In the near future, Mega-City One stretches across the Eastern Seaboard. Within its concrete and steel canyons, hundreds of millions of people live, walled off from the war-ravaged wastelands to the west. Outside is desolation. Inside is a vast, crowded, chaotic city-state beset by warring gangs.

The only thing keeping law and order are the judges. Each one is judge, jury and, if the punishment fits the crime, executioner. They are the law. And the most feared judge of all is Judge Dredd.

"Dredd" is the second attempt to bring the long-running British comic-book character to the screen. The first, 1995's "Judge Dredd" starring Sylvester Stallone, set new standards for bad decisions and bad acting. The new "Dredd" (Blu-ray and DVD) is at least respectful of its source material, but it never embraces the comic's black humor and subversive critique of authority. It has less ambitious goals in mind.

Take "The Rookie" starring Clint Eastwood and Charlie Sheen, cross it with the first "Die Hard," set it in the future, and you pretty much have "Dredd."

After taking down a van full of gang members high on a new drug called "slo-mo," which makes time appear to move in slow motion, Dredd (Karl Urban of the rebooted "Star Trek") is assigned to give a final pass/fail field test to a trainee judge, Anderson, played by Olivia Thirlby of "Juno."

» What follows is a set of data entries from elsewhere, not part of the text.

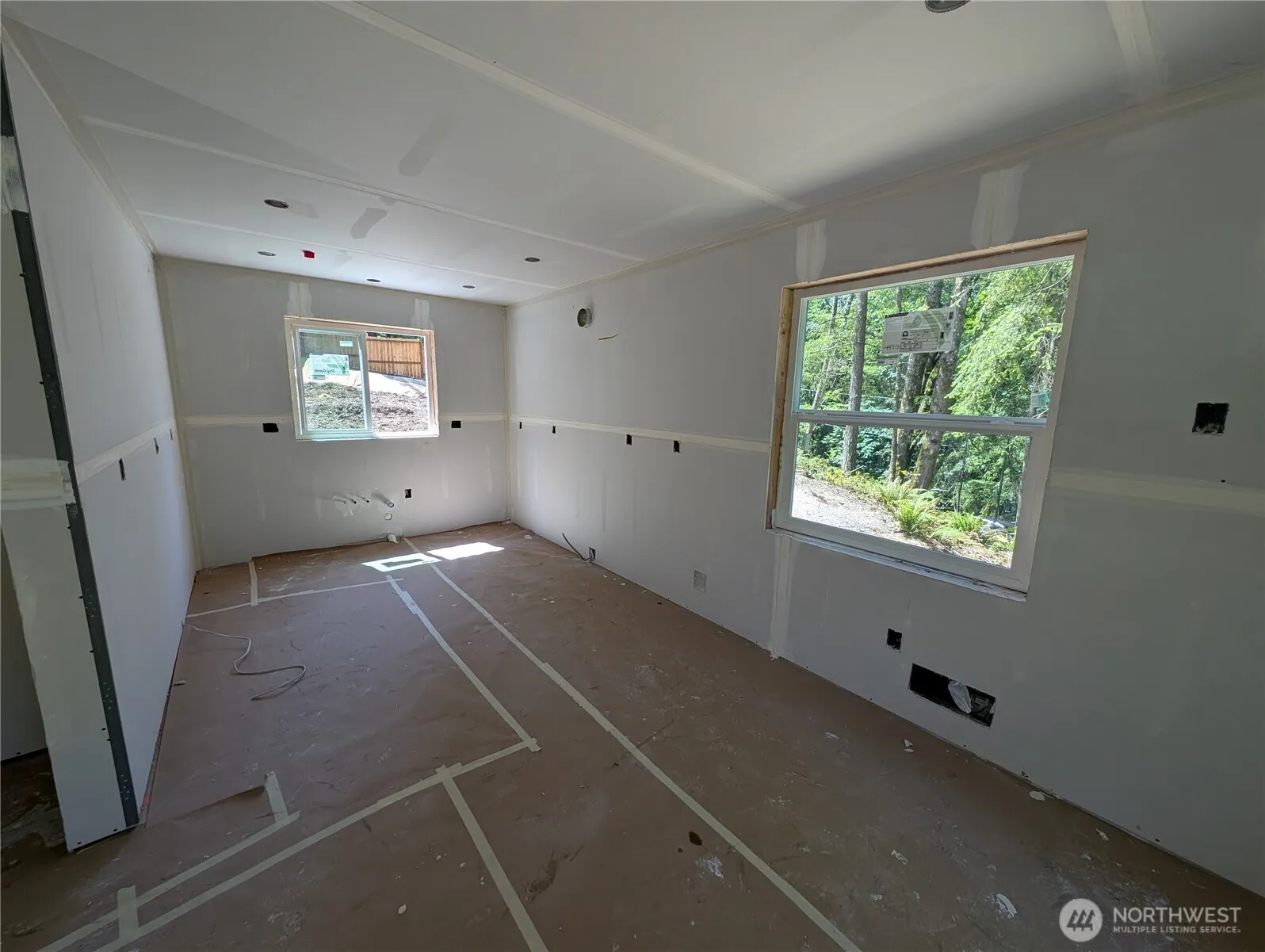 Property photo for 4178 Brays Way, Bellingham photo 4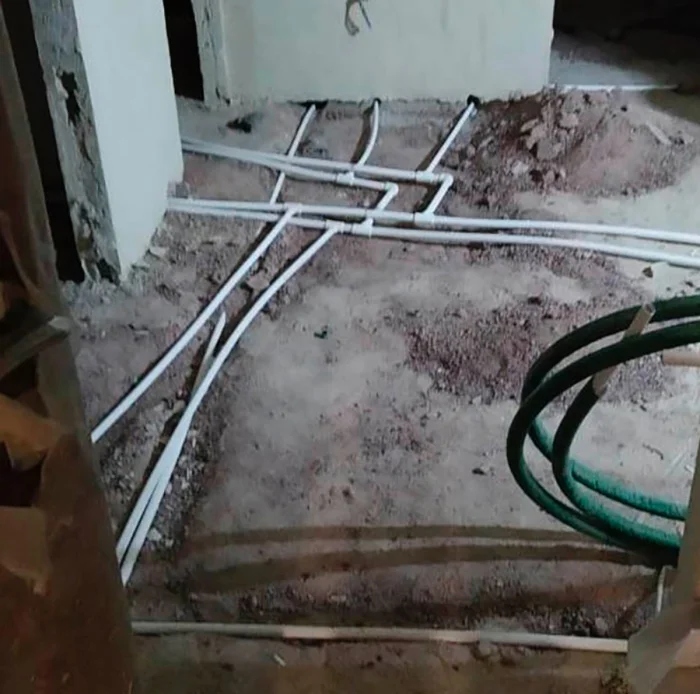Failed Constructions (17 pics)
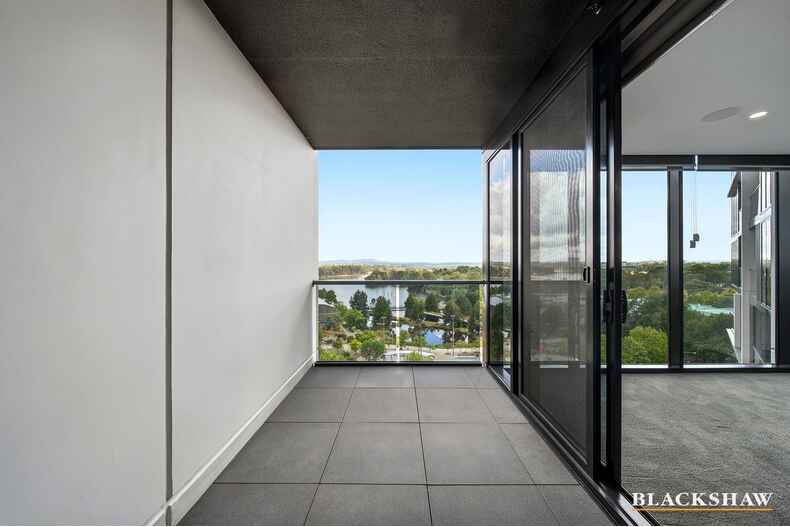 710/6 Grazier Lane Belconnen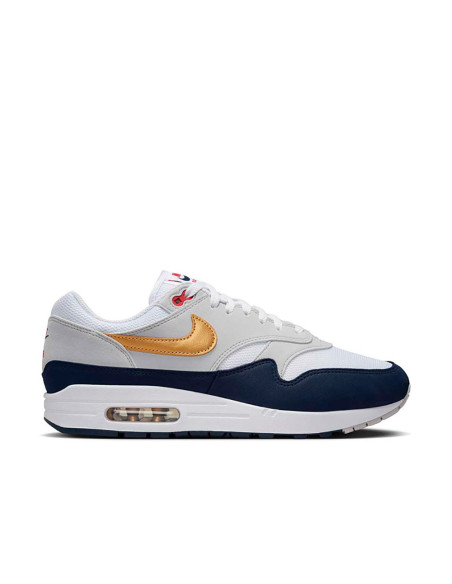 NIKE Air Max 1 - Turnschuhe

Anderson is a borderline case who shouldn't even have made it to the field-test stage, but she has a quality that makes giving her a final shot worthwhile: She is a mutant with psychic abilities, the result of her having grown up near the wall separating Mega-City One from the radioactive wastes.

But because this is a movie, it's not going to be a typical training exercise.

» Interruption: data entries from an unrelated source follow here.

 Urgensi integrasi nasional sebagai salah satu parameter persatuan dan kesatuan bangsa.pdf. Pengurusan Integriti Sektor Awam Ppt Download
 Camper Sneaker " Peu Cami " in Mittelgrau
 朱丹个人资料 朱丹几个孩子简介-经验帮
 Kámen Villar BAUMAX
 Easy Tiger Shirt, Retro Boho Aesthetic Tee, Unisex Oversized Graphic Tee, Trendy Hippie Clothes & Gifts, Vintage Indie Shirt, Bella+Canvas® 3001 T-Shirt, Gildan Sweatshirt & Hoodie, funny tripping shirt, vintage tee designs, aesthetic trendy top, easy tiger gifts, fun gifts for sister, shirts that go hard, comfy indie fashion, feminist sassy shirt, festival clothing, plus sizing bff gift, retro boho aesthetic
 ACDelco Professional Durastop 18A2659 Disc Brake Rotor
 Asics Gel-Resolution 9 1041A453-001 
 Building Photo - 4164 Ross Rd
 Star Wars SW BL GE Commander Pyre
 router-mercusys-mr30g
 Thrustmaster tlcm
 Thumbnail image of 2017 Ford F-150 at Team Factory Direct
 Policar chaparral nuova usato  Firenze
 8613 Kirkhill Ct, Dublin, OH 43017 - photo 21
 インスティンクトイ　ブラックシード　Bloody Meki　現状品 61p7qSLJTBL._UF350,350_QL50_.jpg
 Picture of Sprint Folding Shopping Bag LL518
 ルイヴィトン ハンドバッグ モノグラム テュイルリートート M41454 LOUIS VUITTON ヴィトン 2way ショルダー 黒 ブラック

Investigating a triple-homicide call leads to Dredd and Anderson becoming trapped in Peach Trees, a 200-story skyscraper slum ruled by Ma-Ma (Lena Headey of "Game of Thrones"), a former prostitute who has built a criminal empire, including control of Mega-City One's slo-mo trade.

With limited ammunition and no backup, Dredd and Anderson must blast their way up and out of Ma-Ma's locked-down fortress, with her army on their heels and hundreds of civilians in the crossfire.

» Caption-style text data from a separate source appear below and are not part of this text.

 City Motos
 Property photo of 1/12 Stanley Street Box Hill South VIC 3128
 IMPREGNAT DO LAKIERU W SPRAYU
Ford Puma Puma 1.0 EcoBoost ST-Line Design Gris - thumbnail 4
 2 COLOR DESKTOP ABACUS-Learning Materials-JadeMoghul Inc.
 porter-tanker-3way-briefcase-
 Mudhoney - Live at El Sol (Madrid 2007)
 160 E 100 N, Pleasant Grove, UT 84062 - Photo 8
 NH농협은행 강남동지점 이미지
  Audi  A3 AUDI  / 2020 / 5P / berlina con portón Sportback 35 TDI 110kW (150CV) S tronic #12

Headey is very good in her stereotypically male role as the ruthless, disfigured villain, and Thirlby gets the movie's best set piece when she goes inside the mind of Ma-Ma's top lieutenant. But most of the credit goes to Urban, who stays true to his character by never removing his helmet, even though it means he can act only with his chin. Urban's enigmatic Dredd, keeping his thoughts and expressions to himself, is a marked improvement on Stallone's screaming buffoon.

Director Pete Travis and his team, with a relatively modest budget, deliver a convincing post-apocalyptic setting and a few first-rate action scenes. In the end, "Dredd" is a perfectly competent and enjoyable action film.

The only problem is it could have been much more, and at no extra cost.

Since its inception in 1977, the "Judge Dredd" comic, appearing in the British magazine 2000 A.D., has been filled with political and social satire. It has attracted some of the British comics industry's top talent, and it helped inspire the politically aware comic books that took America by storm in the 1980s, from Alan Moore and Dave Gibbons' "Watchmen" and Howard Chaykin's "American Flagg" to Mike Baron and Steve Rude's "Nexus" and Frank Miller's "The Dark Knight Returns." But you'd never get that impression from the movie "Dredd," which plays the absurd, madcap universe Dredd inhabits almost totally straight.

"Judge Dredd" co-creator Carlos Ezquerra says that when he created Dredd's costume, with its hints of fascist iconography, he intended it to be futuristic, but now some police actually dress the same way.

So, maybe "Dredd" the movie doesn't bother with satire because it's beside the point?